Coronary artery disease
is the leading killer
of women and men in Western civilization.
Yet the truth be known, it is nothing more
than a toothless paper tiger
that need never exist.
And if it does exist,
it need never ever progress.
This is a food borne illness.
My story begins, actually,
in the late 1970s, early 80s,
when I was chairman of the breast cancer
task force at the Cleveland Clinic.
My frustration was that no matter
for how many women
I was doing breast surgery, I was doing
nothing for the next unsuspecting victim.

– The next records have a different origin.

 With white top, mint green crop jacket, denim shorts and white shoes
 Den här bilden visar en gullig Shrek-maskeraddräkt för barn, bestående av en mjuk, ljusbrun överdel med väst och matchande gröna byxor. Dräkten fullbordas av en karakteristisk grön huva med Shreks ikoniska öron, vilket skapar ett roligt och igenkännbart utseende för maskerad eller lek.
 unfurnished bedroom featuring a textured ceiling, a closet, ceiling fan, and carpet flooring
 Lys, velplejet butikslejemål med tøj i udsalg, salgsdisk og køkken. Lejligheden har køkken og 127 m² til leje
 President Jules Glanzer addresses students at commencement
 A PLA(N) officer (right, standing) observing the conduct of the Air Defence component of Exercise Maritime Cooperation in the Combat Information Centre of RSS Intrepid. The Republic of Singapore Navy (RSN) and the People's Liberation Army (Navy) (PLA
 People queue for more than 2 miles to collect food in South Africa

This led to a bit of global research.
It was quite striking to find
that breast cancer rates in Kenya
were something like 30 or 40 times
less frequent than in the United States.
And if you looked at breast cancer rates
in rural Japan in the 1950s,
it was very infrequently identified.
And yet as soon as the Japanese women
would migrate to the United States,
by the second and third generation.
they now had the same rate
of breast cancer
as their Caucasian counterparts.
But even more powerful perhaps
was data on cancer of the prostate.
In 1958, in the entire nation of Japan,
how many autopsy proven deaths
were there from cancer of the prostate?
18.
That's the most mind-boggling public
health figure I think I've ever heard.
But I made a decision then,
that I was concerned
that my bones would long be dust
before I could really get answers
between nutrition and cancer.
And so I chose to deal
with cardiovascular disease,
which is the leading killer of women
and men in Western civilization.
And it was quite striking
that in this global review
there were a number of cultures,
by heritage and tradition,
that simply lack
any cardiovascular disease.
They were plant-based.
And so with that information
I came back to Cleveland.
And my wife and I decided to go
on this plant-based diet for a year.
And then I asked cardiology
if I could have
about 24 patients, which is the number
that I can handle and still carry out
my surgical obligations.
And the 24 patients that I received,
were, as my late brother-in-law
used to say, the walking dead.
But they were most cooperative
and it was within about, say,
15 months of starting this program
that we had something striking develop.
I was treating a 52-year-old gentleman
who, in addition to his heart disease,
had a partially blocked artery
in his right thigh.
And he told me about the fact
that when he was crossing the skyway
to my office, he had to stop five times
because of pain in this calf,
because of this blocked artery.
So I had him go to the vascular lab
and we got his pulse volume.
And then I forgot all about his leg,
so focused on his heart.
Eight months later, he said,
"Dr. Esselstyn do you recall
when I first started seeing you,
I had to stop five times crossing
the skyway here to your office?
This last month, it got to be four times,
then it was three, two, one,".
He said, "I don't stop anymore,
the pain is gone".
"Don, back you go to the vascular lab."
I think if you look here, you can see
the difference in pulse volume
when I first saw him,
and here we were eight months later,
it was now almost two times greater.
So the thing that was
so exciting about this was,
in science we had demonstrated
what we call "proof of concept."
Not only that, but this occurred one year
before the invention of the statin drugs.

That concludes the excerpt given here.